KORANIKATARU

子らに語る時々日記

ふたつの日傘とひとつの時間

新規の開院があって、クルマで高槻へと向かった。

助手席に積んだ花籠は家内がオーダーしたものだった。

 

わたしは後部座席で土曜午前の業務に勤しみ、同時に、運転席からの二万語に相槌を打った。

 

クリニックのビル前。

灼熱のなか医薬品卸売の営業の方々がビラ配りをしていた。

仕事魂の凄みを目の当たりにし、ちょっとこれは敵わないと素直に感銘を受けた。

 

皆さんに挨拶してから、ビルの中へと入ってクリニックを訪れた。

花を手渡すが、院内はすでに大量の花で埋め尽くされていた。

家内のセンスが少し光ったからだろう、目立つところに置いてもらえた。

 

駅前でクルマを停めて待つ家内のもとに戻り、運転を代わった。

向かうは京都。

 

せっかく高槻まで来たのだからと足を延ばすことにしたのだった。

 

御池通から高倉通を北に入ったところにクルマを停めた。

さあ、歩こう。

二人して日傘を差して街へと繰り出した。

 

通りを歩いていると、すぐにタルカの前にできた行列が視界に入った。

 

スパイスの芳醇な香りが漂って関心をそそるが、長蛇の列に並ぶのは躊躇われた。

 

街のあちこちに小洒落た店が点在し、五十過ぎの夫婦に似合うようなシャツやデニムを選び、少し疲れたところで、紫野和久傳でお茶して一休みすることにした。

 

お茶を飲みながらもぼんやりとは過ごすことはなかった。

夏の信州旅行の計画を具体的に詰めていった。

 

家内は上高地近くの宿に電話し予約して、わたしはレンタカーを押さえて汽車の席を確保した。

あとは食事処についての検討を重ねるだけとなった。

 

旅路を思うだけで涼感が増した。

 

昼時を過ぎ、時刻は夕刻へと進んでいた。

家内がタルカに電話したところ、午後のラストオーダーが15:30で、ちょうど客もはけ始めたとのことであるから、足を向けた。

 

家内がしばしば通うカレー教室の先生のご主人が経営されている人気店で、よくあるインネパ料理ではなく、本格的なインド料理だった。

 

そのためインド人のお客さんも多く、ちょうど待っているカップルがいたので家内が話しかけた。

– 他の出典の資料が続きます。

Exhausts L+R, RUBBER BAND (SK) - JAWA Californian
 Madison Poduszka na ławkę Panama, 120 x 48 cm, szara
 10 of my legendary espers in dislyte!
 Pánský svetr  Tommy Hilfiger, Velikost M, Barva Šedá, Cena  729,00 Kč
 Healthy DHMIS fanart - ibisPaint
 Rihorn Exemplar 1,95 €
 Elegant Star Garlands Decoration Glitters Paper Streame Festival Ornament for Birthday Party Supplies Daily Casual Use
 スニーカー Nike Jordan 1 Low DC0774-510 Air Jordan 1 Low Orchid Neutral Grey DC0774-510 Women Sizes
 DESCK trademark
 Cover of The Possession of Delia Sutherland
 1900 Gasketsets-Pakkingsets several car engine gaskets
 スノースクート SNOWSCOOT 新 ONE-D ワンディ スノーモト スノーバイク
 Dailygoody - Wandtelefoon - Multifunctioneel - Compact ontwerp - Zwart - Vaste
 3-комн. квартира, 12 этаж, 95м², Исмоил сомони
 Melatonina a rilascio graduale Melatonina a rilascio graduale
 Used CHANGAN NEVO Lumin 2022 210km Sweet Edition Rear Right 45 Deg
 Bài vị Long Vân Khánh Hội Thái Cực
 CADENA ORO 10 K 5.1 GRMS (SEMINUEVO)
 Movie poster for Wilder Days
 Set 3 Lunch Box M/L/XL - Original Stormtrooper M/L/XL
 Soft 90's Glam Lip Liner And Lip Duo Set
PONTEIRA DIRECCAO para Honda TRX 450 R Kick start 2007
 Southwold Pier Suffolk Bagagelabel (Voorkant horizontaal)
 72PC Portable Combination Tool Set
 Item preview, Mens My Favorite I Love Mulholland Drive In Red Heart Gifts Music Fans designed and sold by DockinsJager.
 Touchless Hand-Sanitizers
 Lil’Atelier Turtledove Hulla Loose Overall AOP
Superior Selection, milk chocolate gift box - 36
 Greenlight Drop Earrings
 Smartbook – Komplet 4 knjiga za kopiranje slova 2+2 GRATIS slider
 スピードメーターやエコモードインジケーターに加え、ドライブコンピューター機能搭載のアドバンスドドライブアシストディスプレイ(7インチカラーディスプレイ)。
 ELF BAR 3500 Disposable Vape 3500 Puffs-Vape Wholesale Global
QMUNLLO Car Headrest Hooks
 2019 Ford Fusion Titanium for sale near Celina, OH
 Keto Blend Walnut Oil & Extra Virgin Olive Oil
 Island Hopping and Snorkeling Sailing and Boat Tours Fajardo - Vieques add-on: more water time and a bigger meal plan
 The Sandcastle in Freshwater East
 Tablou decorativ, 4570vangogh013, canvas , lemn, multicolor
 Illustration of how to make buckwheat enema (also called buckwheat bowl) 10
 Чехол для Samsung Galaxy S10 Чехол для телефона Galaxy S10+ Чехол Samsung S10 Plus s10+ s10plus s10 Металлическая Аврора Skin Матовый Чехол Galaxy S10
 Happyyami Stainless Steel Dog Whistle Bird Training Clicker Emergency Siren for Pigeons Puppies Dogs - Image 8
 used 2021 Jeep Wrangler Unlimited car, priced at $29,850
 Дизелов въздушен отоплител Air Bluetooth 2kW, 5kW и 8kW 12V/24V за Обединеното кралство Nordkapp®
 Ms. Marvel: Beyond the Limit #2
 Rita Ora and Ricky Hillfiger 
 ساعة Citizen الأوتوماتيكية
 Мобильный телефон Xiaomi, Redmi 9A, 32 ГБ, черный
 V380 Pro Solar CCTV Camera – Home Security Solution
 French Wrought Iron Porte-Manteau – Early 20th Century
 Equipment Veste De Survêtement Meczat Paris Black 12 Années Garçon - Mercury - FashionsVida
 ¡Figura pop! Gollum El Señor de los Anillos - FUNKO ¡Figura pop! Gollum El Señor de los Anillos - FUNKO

インド人の口コミですこぶる評判がいいとのことだった。

 

ガツンと来て、しつこく後に残る。

カレーは手強い。

そんなカレー観が塗り替えられた。

 

とても品よく自然な風味で、カラダにとても優しい。

そう感じられた。

後味だって、爽やかなものだった。

 

で、お腹いっぱいになったから、ちょっと歩こうとクルマを北へと走らせ宝ヶ池公園へと向かった。

 

暑いからだろう。

公園はガラ空きだった。

 

ほぼ誰もいない池を巡って、夫婦で並んでボートを漕ぎ、これが結構、腿にきた。

そのあと緑陰の小道を歩いて、水辺を歩き、ちょっとした上り坂があれば駆け上がった。

 

珍しいことにヘビを見かけ、これは縁起物、いいことがあるに違いないと夫婦で話し合った。

 

日暮れどきまで過ごし、帰途についた。

今後週末はジムではなく、行楽を兼ねてカラダを動かそう。

いい予感を胸に、未来について夫婦で意見が一致した。